The penalty clause has been deferred until tomorrow. After Monday importers will face penalties and require bank approval to import things under the open account and DA system.

Commenting on the relaxation of restrictions on imports, Mr. Seneviratne said licences were not a requirement for essential food items anyway.  He said the importers’ biggest concern was making payments to suppliers. “The Government should find at least US$ 100 million a month for food imports; otherwise people will go hungry,” he said, insisting that the open account and DA systems were vital to ensure adequate stocks of essential items since opening LCs was still extremely difficult.

“If the Government is insistent on keeping the policy then we have sought an assurance that at least US$ 100 million may be released to importers.” Since the Indian credit line is also bringing food in, the importers claim that for now, US$$ 100 million should be enough. The Governor has agreed to consider this request.
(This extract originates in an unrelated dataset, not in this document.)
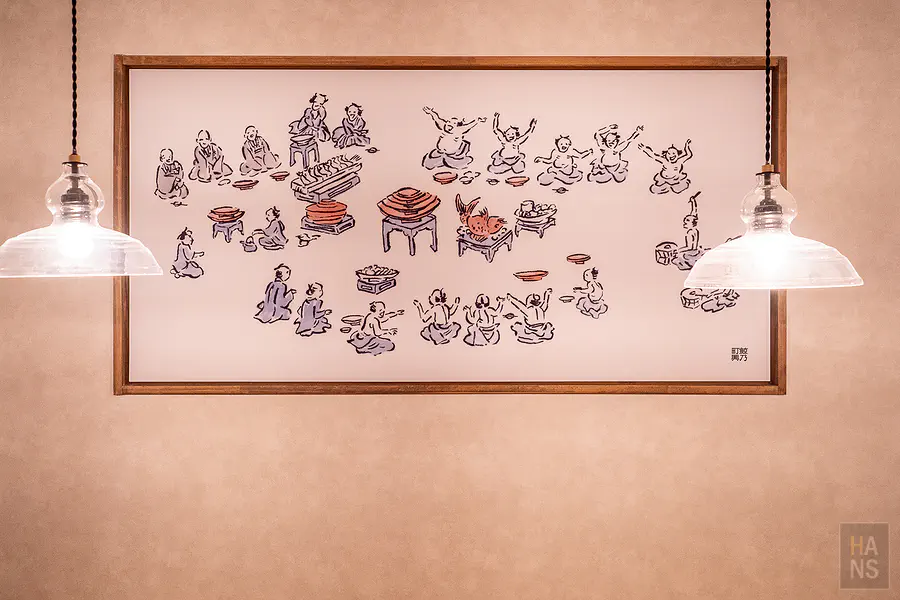 層架上整齊陳列的特色調味料與甚六團隊研發的在地美味產品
The ban on imports through open account/DA systems came despite protest from importers as part of CBSL Governor Nandalal Weersainghe’s mechanisms to disrupt unofficial money channels and diver the flow of foreign currency to formal channels.
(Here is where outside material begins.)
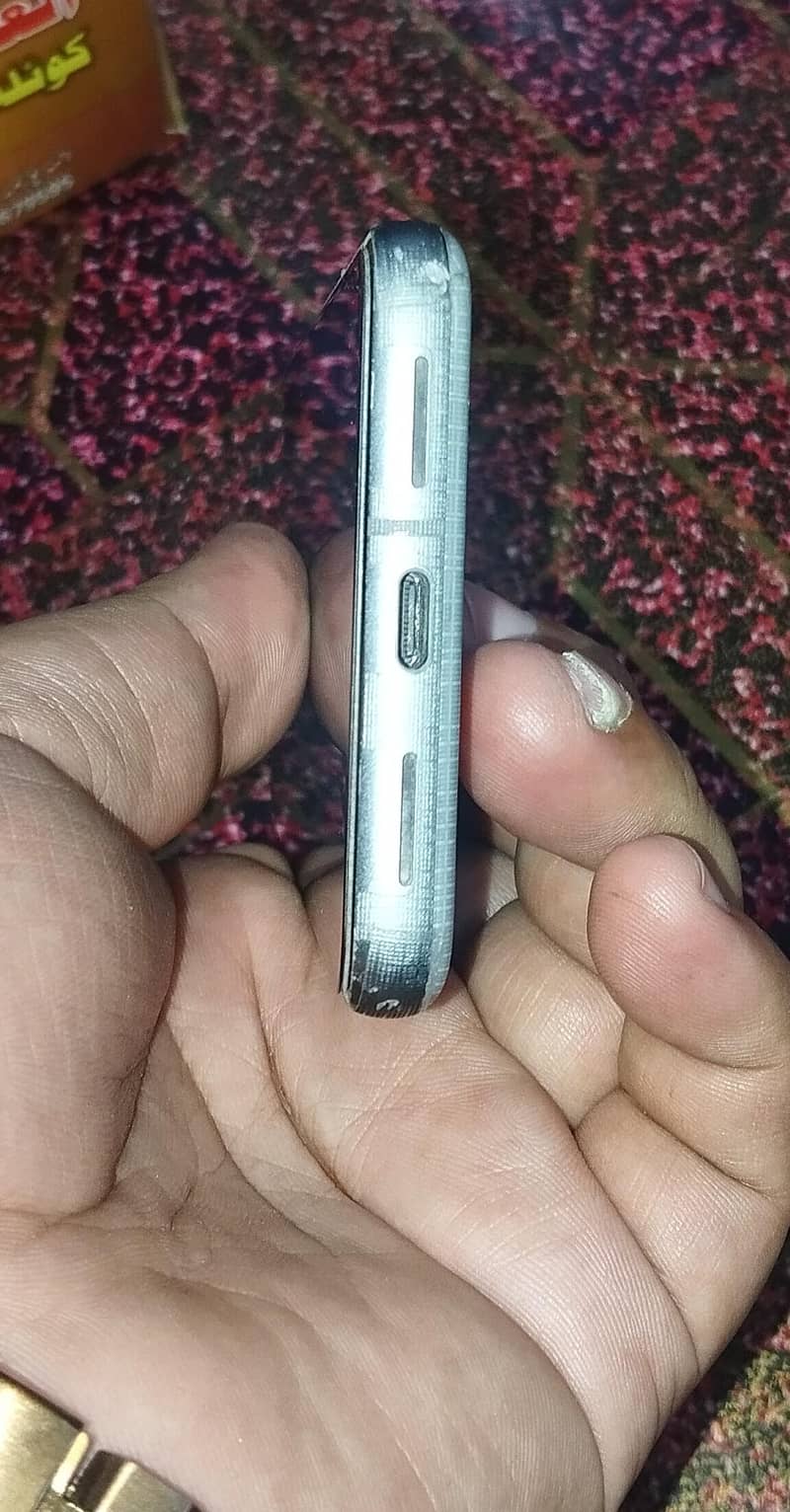 Google Pixel 8 4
“The open account/DA systems allow imports that are paid through the hawala channels,” noted Chayu Damsinghe, Product Head of Macroeconomic and Thematic Research at Frontier Research.

However, traders said the ban would only expedited the precipitation of the food crisis.


 

How new customs duties will impact pricesA series of custom duties have been introduced along with the relaxation of import restrictions.

The alarming percentages of the increases caused panic among consumers following the release of a list of more than 350 goods with tax rate surcharges of 15-200 percent.

The surcharge only meant that the tax rate or duty had been increased by amounts ranging between 15 and 200 percent, not the value of the import itself, an official said.

This means that if an item on the list cost Rs. 50,000 and had a customs duty of 10 percent, that duty would now be increased to 20 percent, meaning that the item which would have cost Rs. 55,000 with the earlier duty, would now cost Rs. 60,000. The duty has only been imposed on non-essential food items and luxury goods. Along with the duty increase, the Government also removed licence requirements on several items, reducing restrictions on their imports.

“Before the restrictions were rescinded, traders were required to obtain a license from a government official to import goods. This process gave a lot of discretionary authority to government officials and led to corruption. Importers’ ability to function becomes too dependent on the official’s decision,” explained Advocata COO Dhananath Fernando.

Importers noted that the duty was most likely an attempt to discourage non-essential imports and, thereby, mitigate the forex crisis.

Both the increased duties and lowered restrictions will achieve the government’s long-standing goal of reducing imports but will allow the government to earn some revenue in the meantime.

“But the core problem exists – we don’t have dollars,” noted Mr. Fernando. “The only real change is the fact that now if someone can find dollars they can import. Earlier they couldn’t because of the licence restrictions.”

He added, however, that the surcharge on the general duty and how these custom calculations were done were complicated.

According to Mr. Fernando, PAL (Ports and Airport Levy) and the Cess percentages are also added on top of the general duty. “It isn’t an addition it’s a percentage on the tax + original value of the item being imported.” Thus, the third tax will be on top of both values, magnifying the impact.